---- Data for this exercise

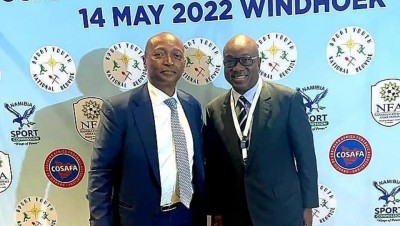 Côte d'Ivoire : Rencontre Diallo-Motsepe à  Windhoek pour des échanges fructueux et fraternels autour d'une vision de développement du football continental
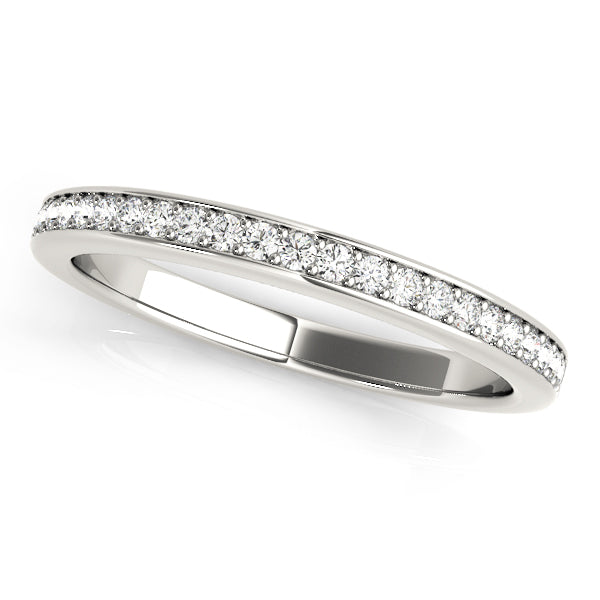 Prong-in-Channel Half Eternity Ring in Gold & Platinum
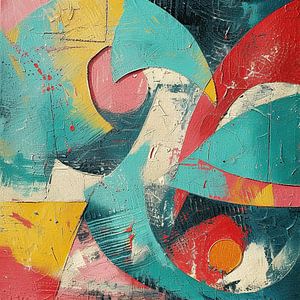 Farbe Crescendo-Leinwand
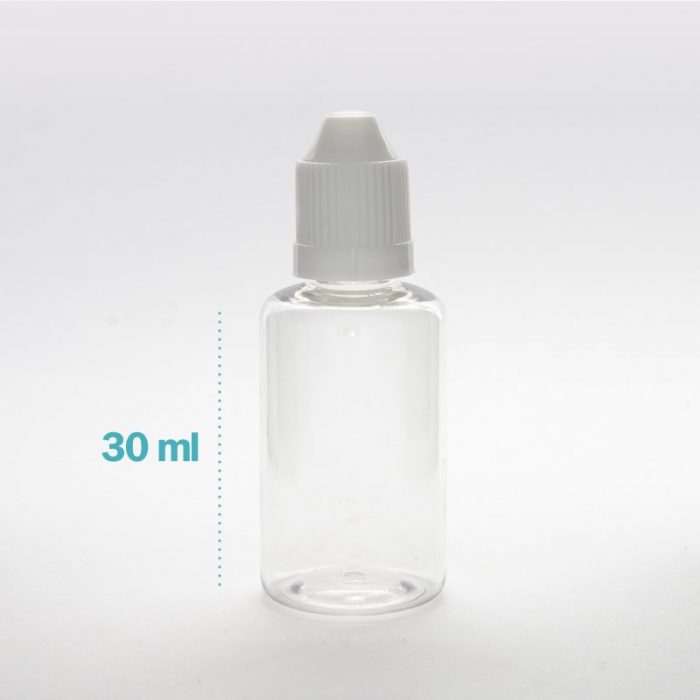 Botella 30ml PET con tapón de seguridad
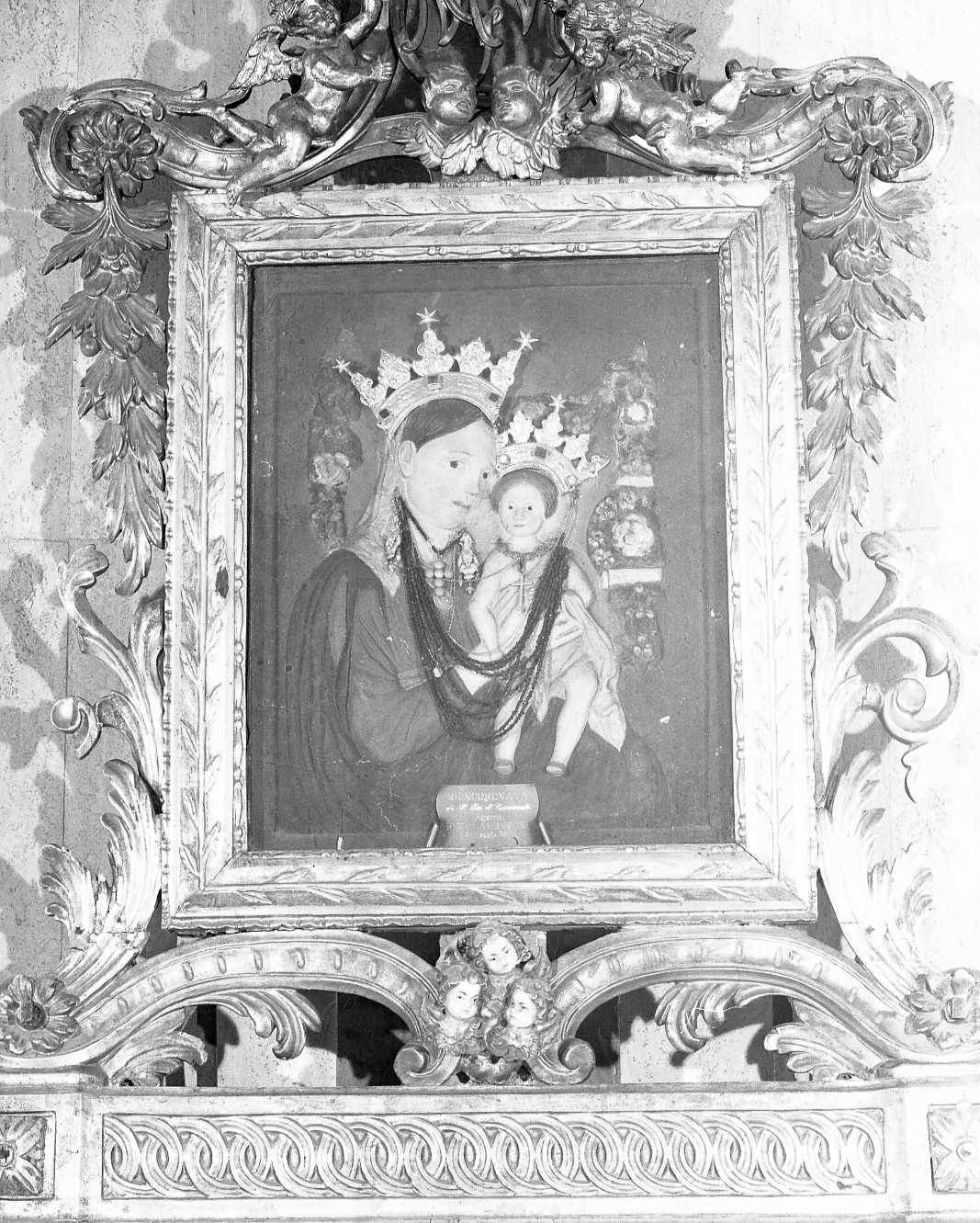 Madonna con Bambino (rilievo) - manifattura emiliana (secc. XVIII/ XIX)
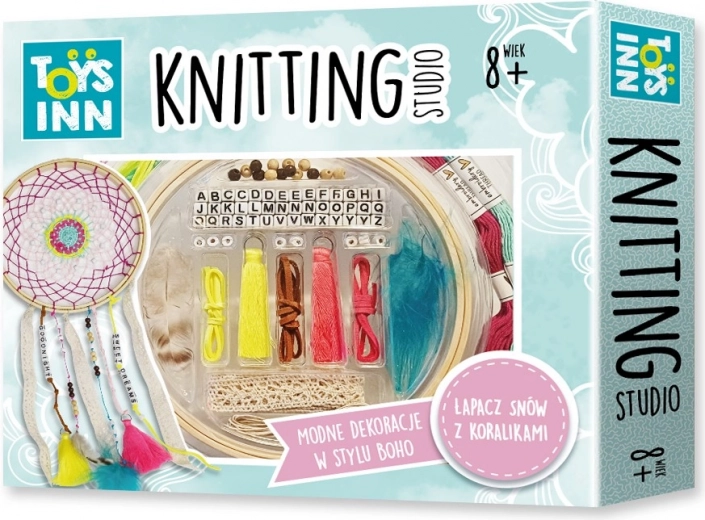 Traumfänger mit Buchstabenperlen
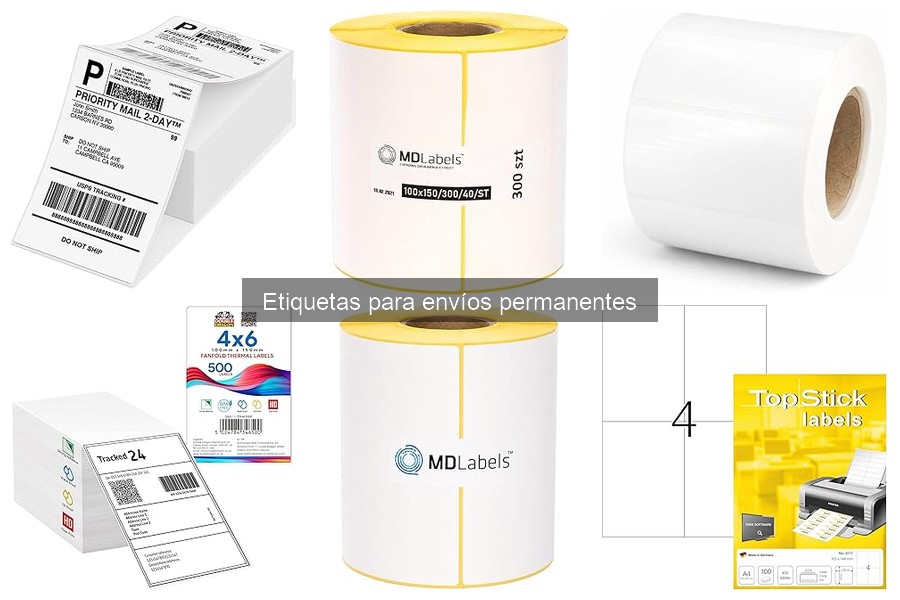 Cómo aplicar etiquetas para envíos permanentes correctamente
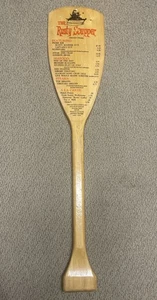 Vintage The Rusty Scupper Chicago O'Hare Menü Paddeltafel Werbung - Bild 1 von 4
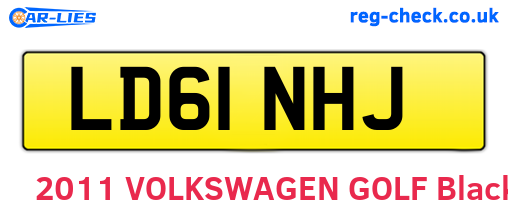 LD61NHJ are the vehicle registration plates.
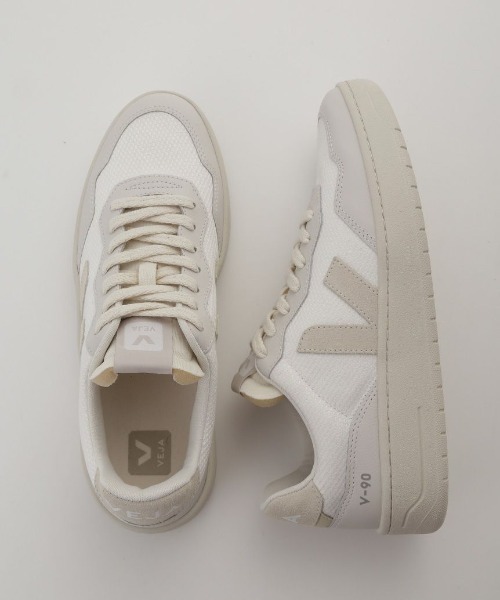 VEJA V-90 スニーカー 38 ヴェジャ　ホワイトスニーカー　ベージュ VEJA（ヴェジャ） スニーカー 「VEJA」V-90 レディース : ZOZOTOWN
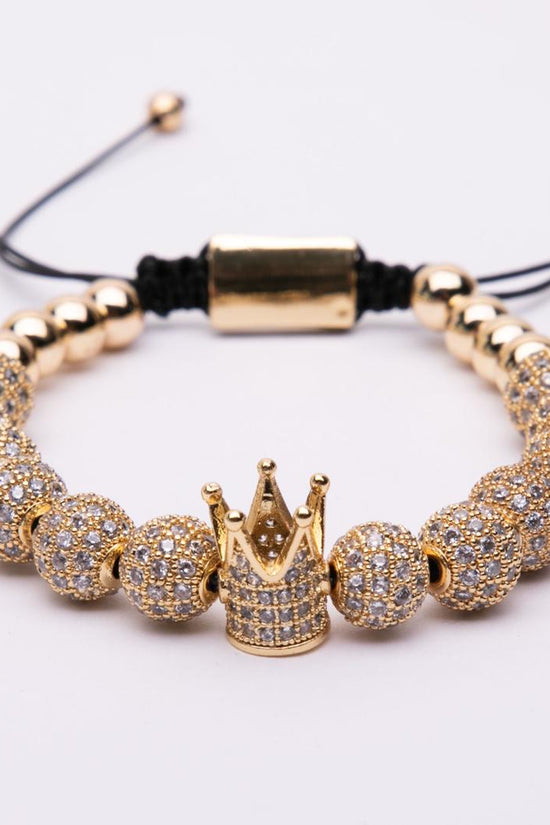 Bracciale in metallo modello royal crown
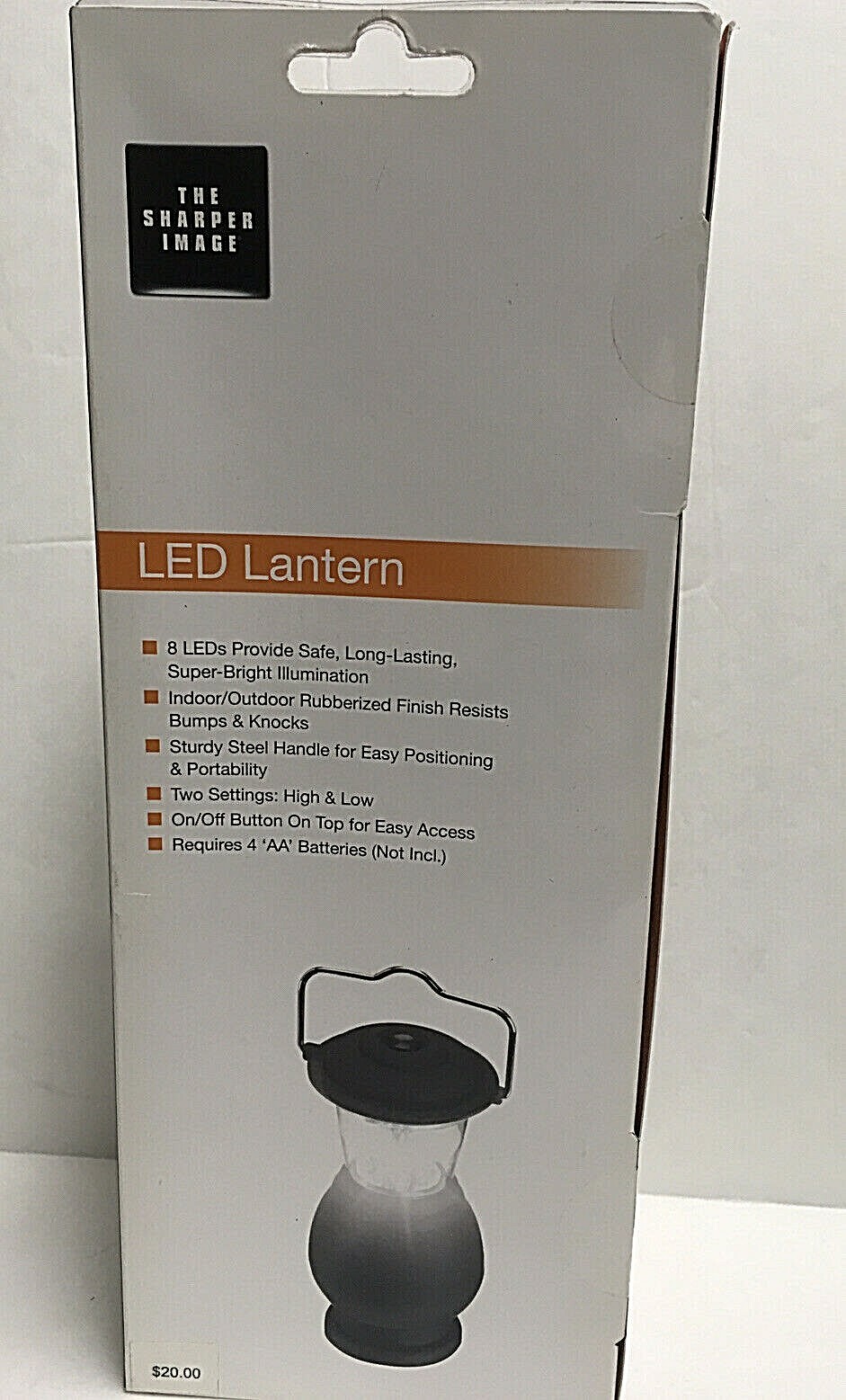 Sharper Image LED LANTERN 5 1/2" BRAND NEW IN BOX FREE SHIPPING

--------

Print every record exactly, without the pictures.

 Côte d'Ivoire : Rencontre Diallo-Motsepe à  Windhoek pour des échanges fructueux et fraternels autour d'une vision de développement du football continental
 Prong-in-Channel Half Eternity Ring in Gold & Platinum
 Farbe Crescendo-Leinwand
 Botella 30ml PET con tapón de seguridad
 Madonna con Bambino (rilievo) - manifattura emiliana (secc. XVIII/ XIX)
 Traumfänger mit Buchstabenperlen
 Cómo aplicar etiquetas para envíos permanentes correctamente
 Vintage The Rusty Scupper Chicago O'Hare Menü Paddeltafel Werbung - Bild 1 von 4
 LD61NHJ are the vehicle registration plates.
 VEJA V-90 スニーカー 38 ヴェジャ　ホワイトスニーカー　ベージュ VEJA（ヴェジャ） スニーカー 「VEJA」V-90 レディース : ZOZOTOWN
 Bracciale in metallo modello royal crown
 Sharper Image LED LANTERN 5 1/2" BRAND NEW IN BOX FREE SHIPPING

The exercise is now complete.